Suppose there exist ${p}_{1},{p}_{2}\in {F}_{T}$ , and that ${p}_{1}\ne {p}_{2}$ , with $‖{p}_{1}-{p}_{2}‖>0$ , then,

$\left(1-{a}^{i}\right)‖{p}_{1}-{p}_{2}‖\le 0.$ (15)

Since ${a}^{i}\in \left[0,1\right)$ , then $1-{a}^{i}>0$ and $‖{p}_{1}-{p}_{2}‖\le 0$ . Since norm is nonnegative we have that $‖{p}_{1}-{p}_{2}‖=0$ . That is, ${p}_{1}={p}_{2}=p$ (say). Thus, T has a unique fixed point p.

ii) Next, we prove that (2) converges strongly to p. In veiw of (2) and (14),

$\begin{array}{c}‖{x}_{n+1}-p‖\le {\alpha }_{n,0}‖{x}_{n}^{\left(1\right)}-p‖+\underset{i=1}{\overset{{q}_{1}}{\sum }}\text{ }{\alpha }_{n,i}‖{T}^{i}{x}_{n+1}-{T}^{i}p‖\\ \le {\alpha }_{n,0}‖{x}_{n}^{\left(1\right)}-p‖+\underset{i=1}{\overset{{q}_{1}}{\sum }}\text{ }{\alpha }_{n,i}\left[{a}^{i}‖{x}_{n+1}-p‖\right]\\ \le \frac{{\alpha }_{n,0}}{1-{\sum }_{i=1}^{{q}_{1}}{\alpha }_{n,i}{a}^{i}}‖{x}_{n}^{\left(1\right)}-p‖\end{array}$ (16)

Also, using (2) and (14), we have:

$\begin{array}{c}‖{x}_{n}^{\left(1\right)}-p‖\le {\beta }_{n,0}^{\left(1\right)}‖{x}_{n}^{\left(2\right)}-p‖+\underset{i=1}{\overset{{q}_{2}}{\sum }}\text{ }{\beta }_{n,i}^{\left(1\right)}‖{T}^{i}{x}_{n}^{\left(1\right)}-{T}^{i}p‖\\ \le {\beta }_{n,0}^{\left(1\right)}‖{x}_{n}^{\left(2\right)}-p‖+\underset{i=1}{\overset{{q}_{2}}{\sum }}\text{ }{\beta }_{n,i}^{\left(1\right)}\left[{a}^{i}‖{x}_{n}^{\left(1\right)}-p‖\right]\\ \le \frac{{\beta }_{n,0}^{\left(1\right)}}{1-{\sum }_{i=1}^{{q}_{2}}{\beta }_{n,i}^{\left(1\right)}{a}^{i}}‖{x}_{n}^{\left(2\right)}-p‖\end{array}$ (17)

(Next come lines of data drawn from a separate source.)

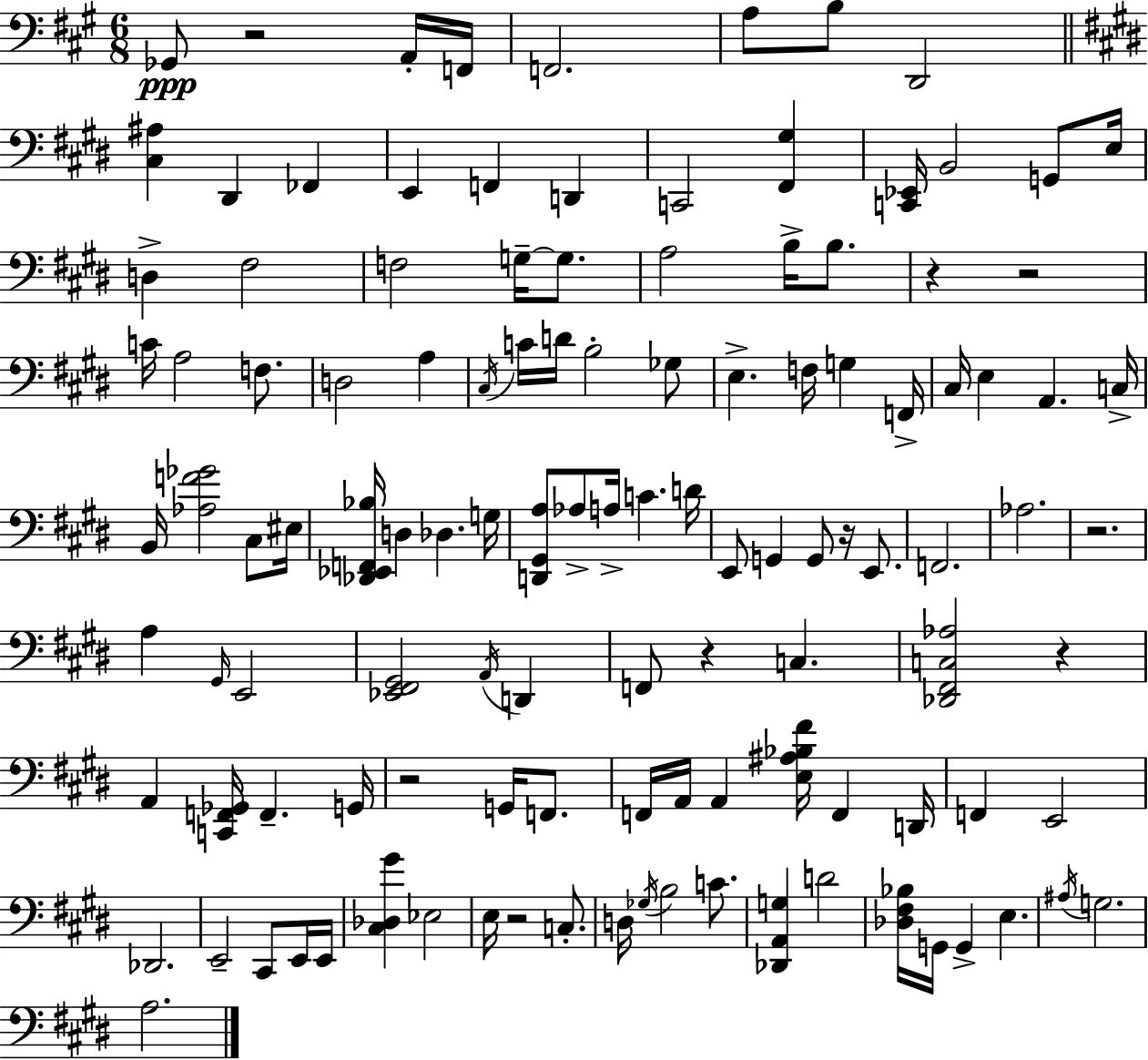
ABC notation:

X:1
T:Untitled
M:6/8
L:1/4
K:A
_G,,/2 z2 A,,/4 F,,/4 F,,2 A,/2 B,/2 D,,2 [^C,^A,] ^D,, _F,, E,, F,, D,, C,,2 [^F,,^G,] [C,,_E,,]/4 B,,2 G,,/2 E,/4 D, ^F,2 F,2 G,/4 G,/2 A,2 B,/4 B,/2 z z2 C/4 A,2 F,/2 D,2 A, ^C,/4 C/4 D/4 B,2 _G,/2 E, F,/4 G, F,,/4 ^C,/4 E, A,, C,/4 B,,/4 [_A,F_G]2 ^C,/2 ^E,/4 [_D,,_E,,F,,_B,]/4 D, _D, G,/4 [D,,^G,,A,]/2 _A,/2 A,/4 C D/4 E,,/2 G,, G,,/2 z/4 E,,/2 F,,2 _A,2 z2 A, ^G,,/4 E,,2 [_E,,^F,,^G,,]2 A,,/4 D,, F,,/2 z C, [_D,,^F,,C,_A,]2 z A,, [C,,F,,_G,,]/4 F,, G,,/4 z2 G,,/4 F,,/2 F,,/4 A,,/4 A,, [E,^A,_B,^F]/4 F,, D,,/4 F,, E,,2 _D,,2 E,,2 ^C,,/2 E,,/4 E,,/4 [^C,_D,^G] _E,2 E,/4 z2 C,/2 D,/4 _G,/4 B,2 C/2 [_D,,A,,G,] D2 [_D,^F,_B,]/4 G,,/4 G,, E, ^A,/4 G,2 A,2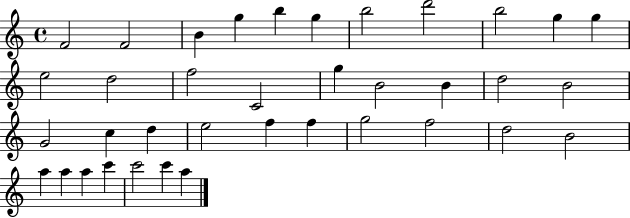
F4/h F4/h B4/q G5/q B5/q G5/q B5/h D6/h B5/h G5/q G5/q E5/h D5/h F5/h C4/h G5/q B4/h B4/q D5/h B4/h G4/h C5/q D5/q E5/h F5/q F5/q G5/h F5/h D5/h B4/h A5/q A5/q A5/q C6/q C6/h C6/q A5/q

Again, using (2) and (14), we have:

$\begin{array}{c}‖{x}_{n}^{\left(2\right)}-p‖\le {\beta }_{n,0}^{\left(2\right)}‖{x}_{n}^{\left(3\right)}-p‖+\underset{i=1}{\overset{{q}_{3}}{\sum }}\text{ }{\beta }_{n,i}^{\left(2\right)}‖{T}^{i}{x}_{n}^{2}-{T}^{i}p‖\\ \le {\beta }_{n,0}^{\left(2\right)}‖{x}_{n}^{\left(3\right)}-p‖+\underset{i=1}{\overset{{q}_{3}}{\sum }}\text{ }{\beta }_{n,i}^{\left(2\right)}\left[{a}^{i}‖{x}_{n}^{\left(2\right)}-p‖\right]\\ \le \frac{{\beta }_{n,0}^{\left(2\right)}}{1-{\sum }_{i=1}^{{q}_{3}}{\beta }_{n,i}^{\left(2\right)}{a}^{i}}‖{x}_{n}^{\left(3\right)}-p‖\end{array}$ (18)

Continuing the process using (2) and (14), we have

$\begin{array}{c}‖{x}_{n}^{\left(k-2\right)}-p‖\le {\beta }_{n,0}^{\left(k-2\right)}‖{x}_{n}^{\left(k-1\right)}-p‖+\underset{i=1}{\overset{{q}_{k-1}}{\sum }}\text{ }{\beta }_{n,i}^{\left(k-2\right)}‖{T}^{i}{x}_{n}^{k-2}-{T}^{i}p‖\\ \le {\beta }_{n,0}^{\left(k-2\right)}‖{x}_{n}^{\left(k-1\right)}-p‖+\underset{i=1}{\overset{{q}_{k-1}}{\sum }}\text{ }{\beta }_{n,i}^{\left(k-2\right)}\left[{a}^{i}‖{x}_{n}^{\left(k-2\right)}-p‖\right]\\ \le \frac{{\beta }_{n,0}^{\left(k-2\right)}}{1-{\sum }_{i=1}^{{q}_{k-1}}{\beta }_{n,i}^{\left(k-2\right)}{a}^{i}}‖{x}_{n}^{\left(k-1\right)}-p‖\end{array}$ (19)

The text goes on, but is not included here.